Martapura, Ricek.ID – DPRD Kabupaten Banjar mendorong penguatan regulasi sebagai langkah konkret untuk memperkuat sektor koperasi dan usaha mikro di daerah. Hal tersebut mengemuka dalam pembahasan Rancangan Peraturan Daerah (Raperda) tentang Kemudahan, Perlindungan, dan Pemberdayaan Koperasi dan Usaha Mikro, Rabu (18/2/2026).
Dalam penyampaiannya, Bupati Banjar, Saidi Mansyur, menegaskan bahwa koperasi dan UMKM merupakan pilar utama ekonomi nasional sekaligus tulang punggung perekonomian daerah. Sektor ini dinilai memiliki peran strategis dalam menciptakan lapangan kerja, mendorong pemerataan pendapatan, serta menekan kesenjangan ekonomi.
Menurut Saidi, Pemerintah Kabupaten Banjar berkomitmen mengembangkan potensi ekonomi masyarakat melalui kebijakan yang terarah dan berkelanjutan. Meski berbagai program pemberdayaan telah dijalankan melalui dinas teknis, pelaksanaannya dinilai masih belum optimal.

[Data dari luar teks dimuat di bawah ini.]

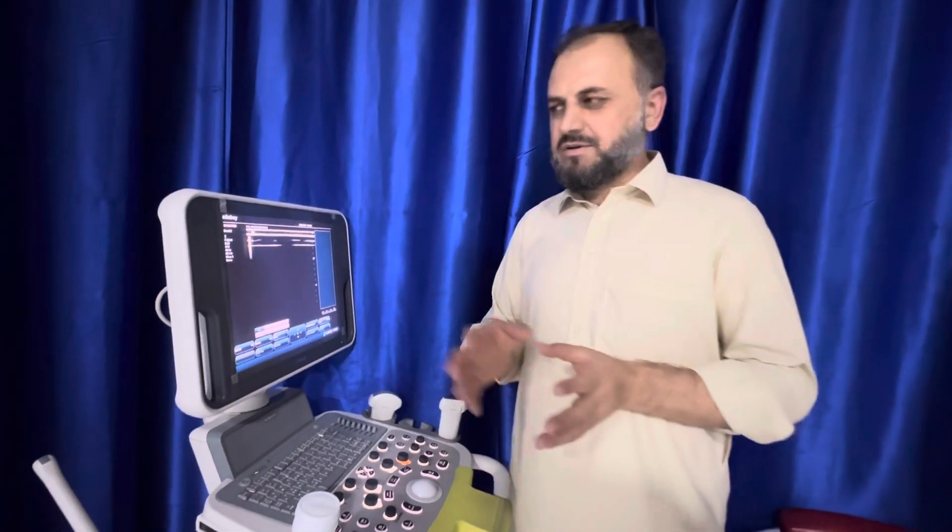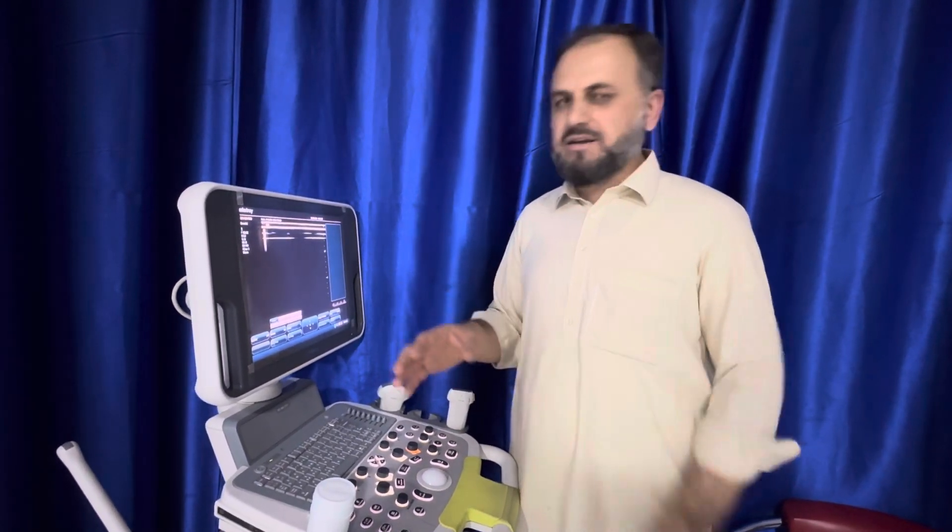Hi everybody, once again Dr. Salim is here with you guys. As you know we're talking about the neurology and all the ultrasound physics, which is the most important in the scanning.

Karena itu, kehadiran regulasi yang kuat dianggap penting sebagai payung hukum untuk mempertegas peran pemerintah daerah dalam meningkatkan produktivitas serta daya saing usaha mikro.

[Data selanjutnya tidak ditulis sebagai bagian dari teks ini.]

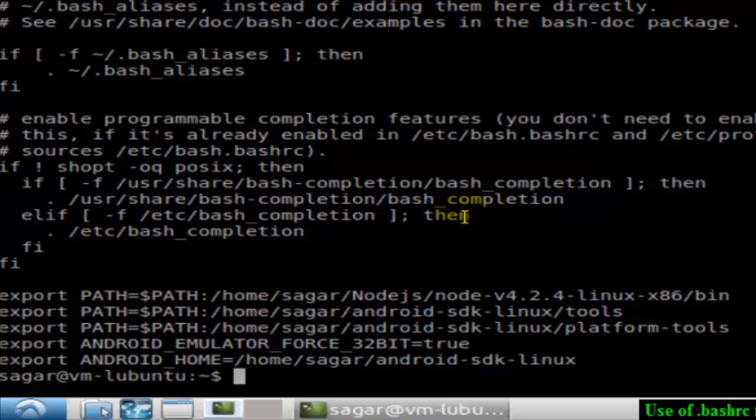It basically contains some of the commands that you can execute each time you open the bash terminal. That's the main significance of the .bashrc file - it contains commands that are automatically executed when you open the command prompt or shell terminal.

“Raperda ini diharapkan menjadi landasan hukum yang kokoh dalam mengembangkan potensi ekonomi daerah, khususnya sektor koperasi dan usaha mikro, sehingga mampu memberi dampak nyata terhadap peningkatan kesejahteraan masyarakat Banjar,” ujar Saidi.

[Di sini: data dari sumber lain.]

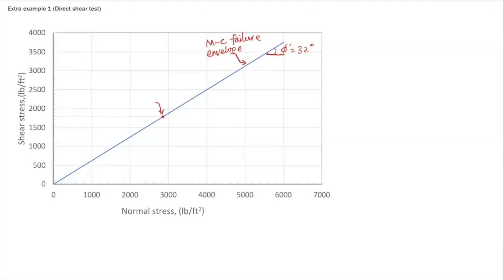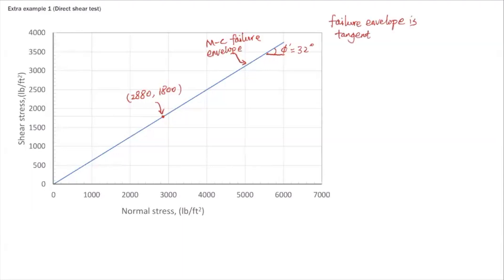We know this point — I'm going to mark it here: 2880 normal stress and 1800 shear stress. This is the normal and shear stress at failure calculated from part A, representing that failure point on the Mohr failure envelope. We are going to draw the Mohr circle corresponding to this specimen at failure. The key property is that this failure envelope is tangent to the Mohr circle at failure.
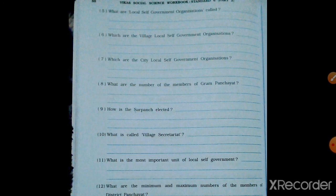What are the minimum and maximum number of members of District Panchayat? Gram Panchayat has 8 to 16 members, Taluka Panchayat has 16 to 32, and District Panchayat has a minimum of 32 and a maximum of 52 members.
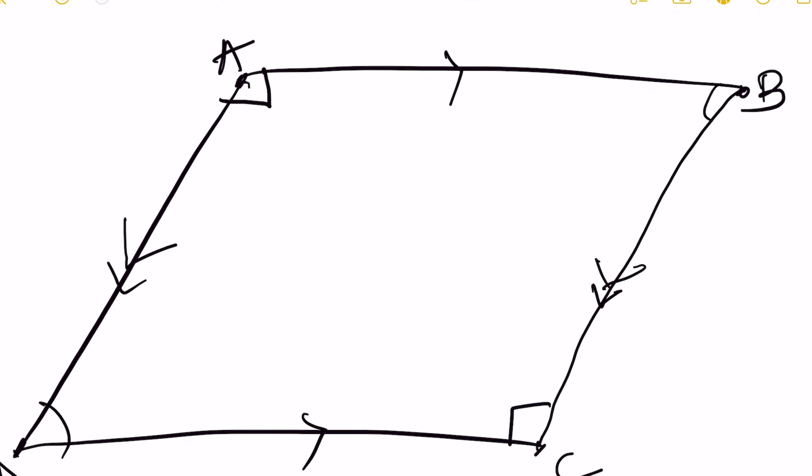Now another important property we'll talk about parallelograms is that if one angle of the parallelogram is a right angle, then they are all right angles. Why is this property true? Let's examine the situation closely.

Penguatan regulasi tersebut diharapkan tidak hanya memberikan kepastian dan perlindungan hukum bagi pelaku usaha, tetapi juga membuka akses yang lebih luas terhadap pembiayaan, pendampingan usaha, serta perluasan pasar. Dengan demikian, koperasi dan usaha mikro di Kabupaten Banjar dapat tumbuh lebih tangguh dan kompetitif di tengah dinamika perekonomian.